#### Raw data:
***

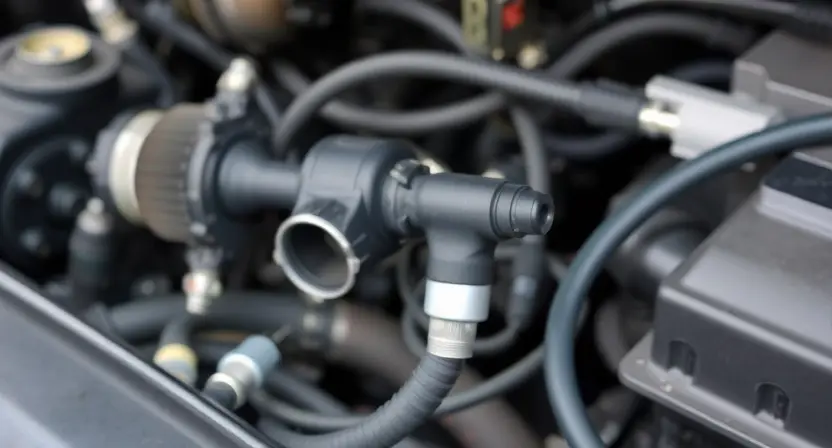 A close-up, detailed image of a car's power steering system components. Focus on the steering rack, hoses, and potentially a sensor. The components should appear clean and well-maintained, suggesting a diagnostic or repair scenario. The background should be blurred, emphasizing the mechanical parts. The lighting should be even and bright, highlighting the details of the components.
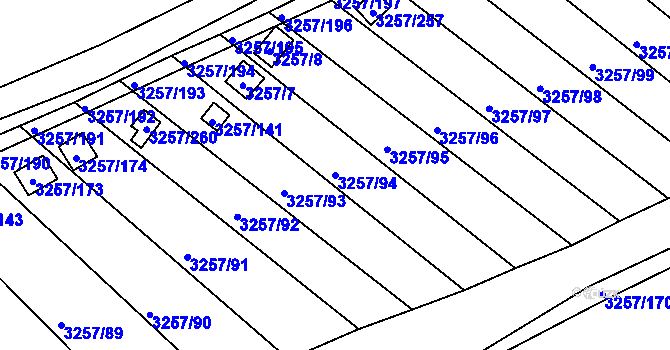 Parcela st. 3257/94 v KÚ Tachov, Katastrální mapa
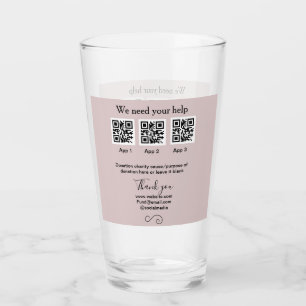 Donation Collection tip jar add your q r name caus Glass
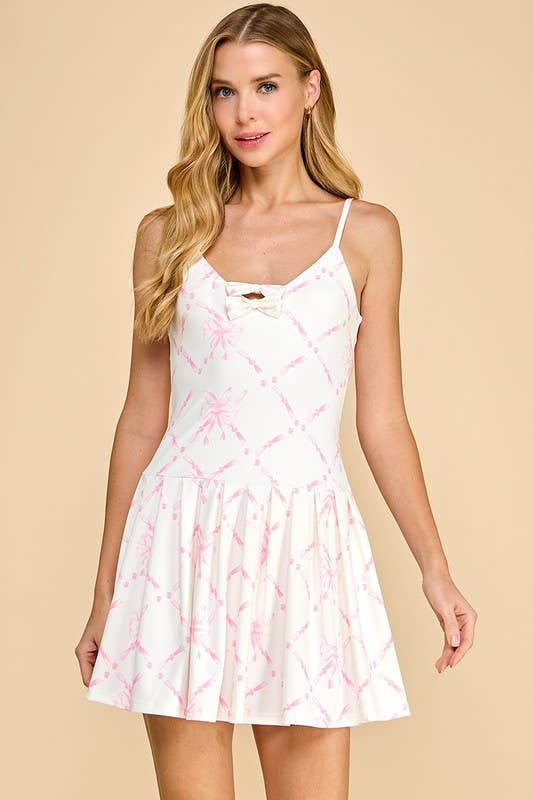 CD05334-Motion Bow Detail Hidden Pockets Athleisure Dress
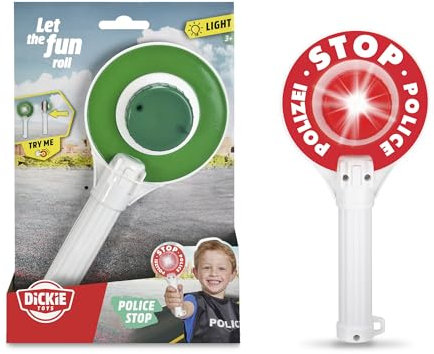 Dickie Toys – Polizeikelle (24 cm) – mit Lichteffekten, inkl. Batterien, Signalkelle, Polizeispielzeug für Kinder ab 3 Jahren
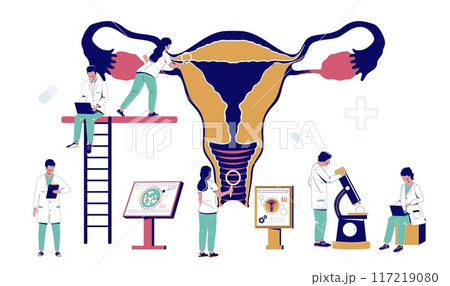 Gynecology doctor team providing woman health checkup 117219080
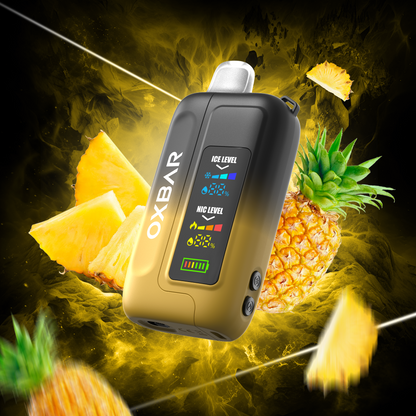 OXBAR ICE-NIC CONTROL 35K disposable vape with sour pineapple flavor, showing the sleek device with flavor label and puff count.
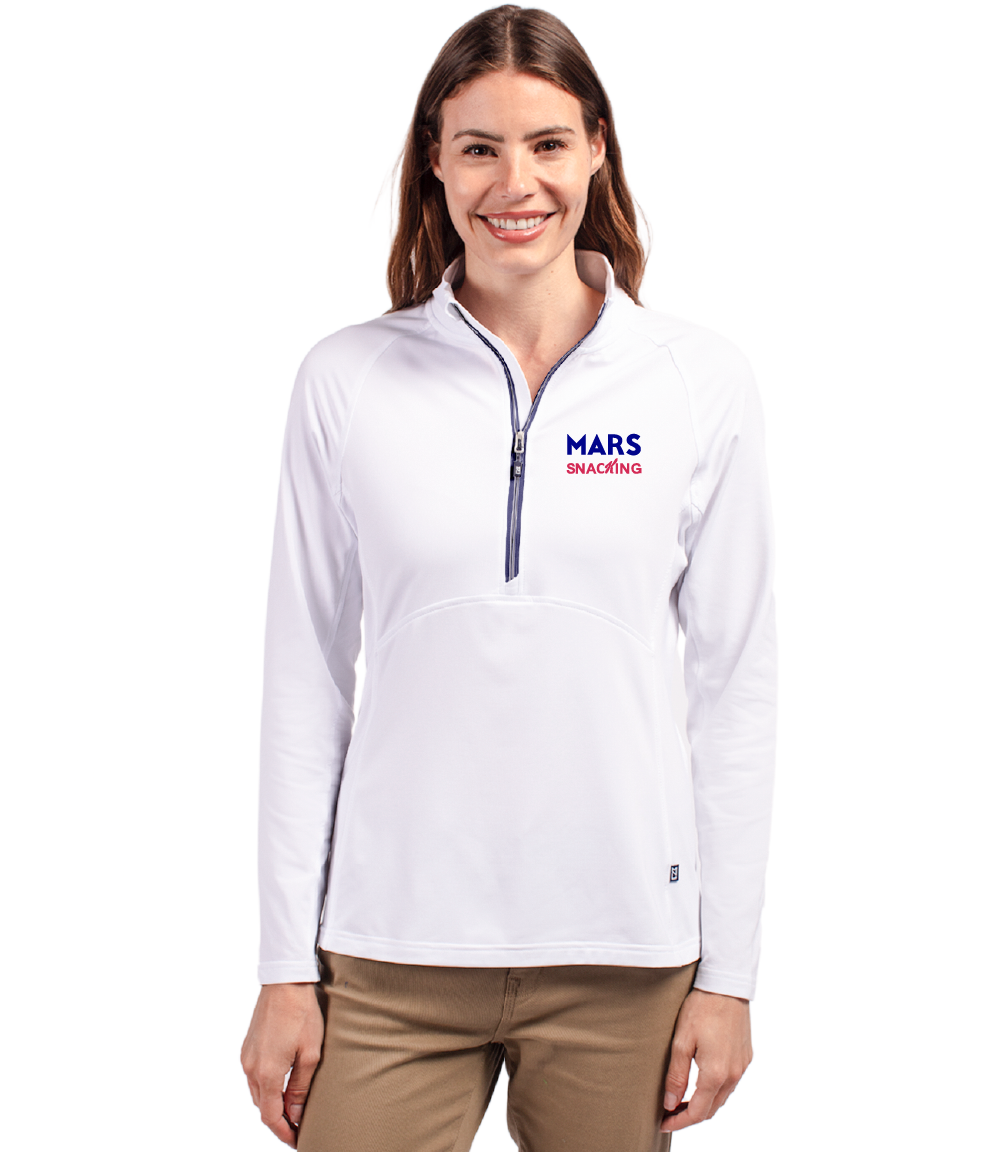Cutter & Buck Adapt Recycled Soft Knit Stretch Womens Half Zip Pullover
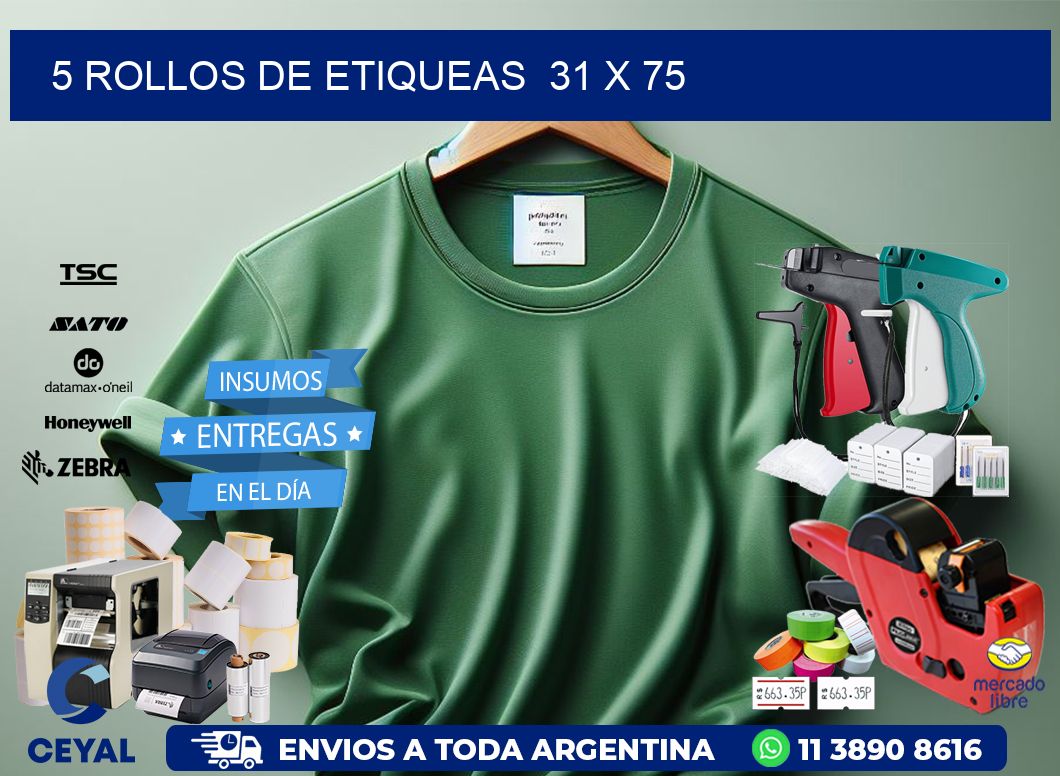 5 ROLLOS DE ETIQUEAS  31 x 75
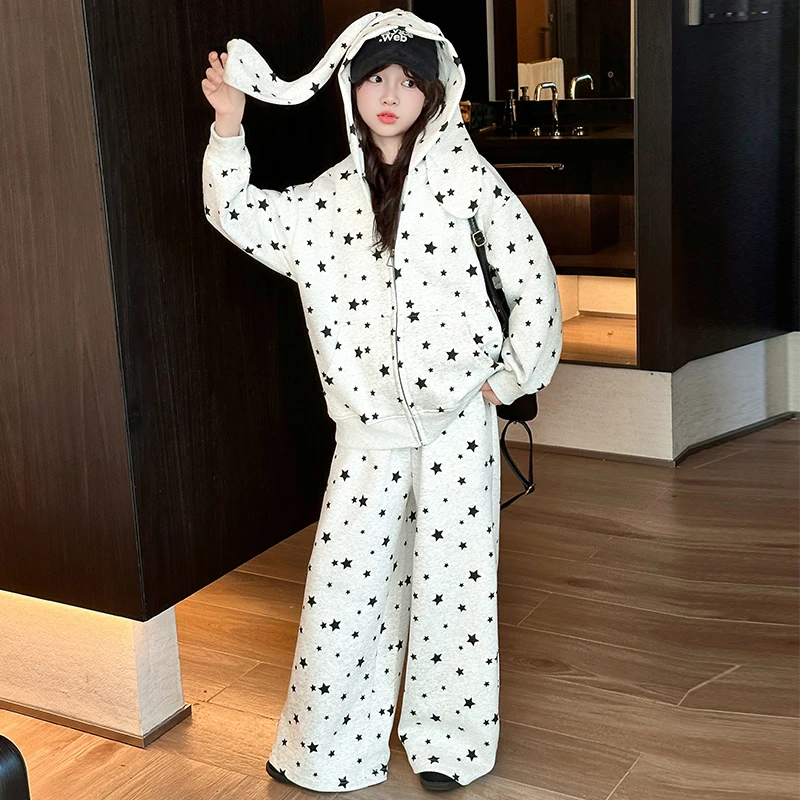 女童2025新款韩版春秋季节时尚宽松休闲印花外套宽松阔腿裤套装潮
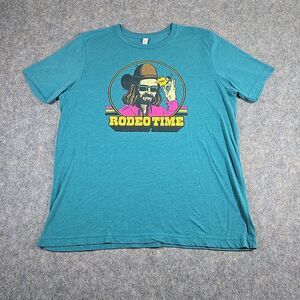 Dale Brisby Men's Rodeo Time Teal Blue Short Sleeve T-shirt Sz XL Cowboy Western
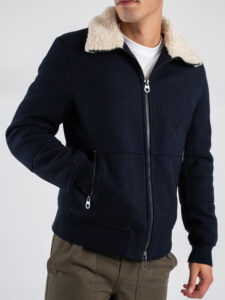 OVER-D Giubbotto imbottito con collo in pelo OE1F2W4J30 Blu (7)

***

#### What you should do:
For this exercise, repeat word for word only the lines from the one containing "5 ROLLOS DE" through the end of the data, including both. Pictures do not go in the copy.

#### Exercise answer:
 5 ROLLOS DE ETIQUEAS  31 x 75
 女童2025新款韩版春秋季节时尚宽松休闲印花外套宽松阔腿裤套装潮
 Dale Brisby Men's Rodeo Time Teal Blue Short Sleeve T-shirt Sz XL Cowboy Western
 OVER-D Giubbotto imbottito con collo in pelo OE1F2W4J30 Blu (7)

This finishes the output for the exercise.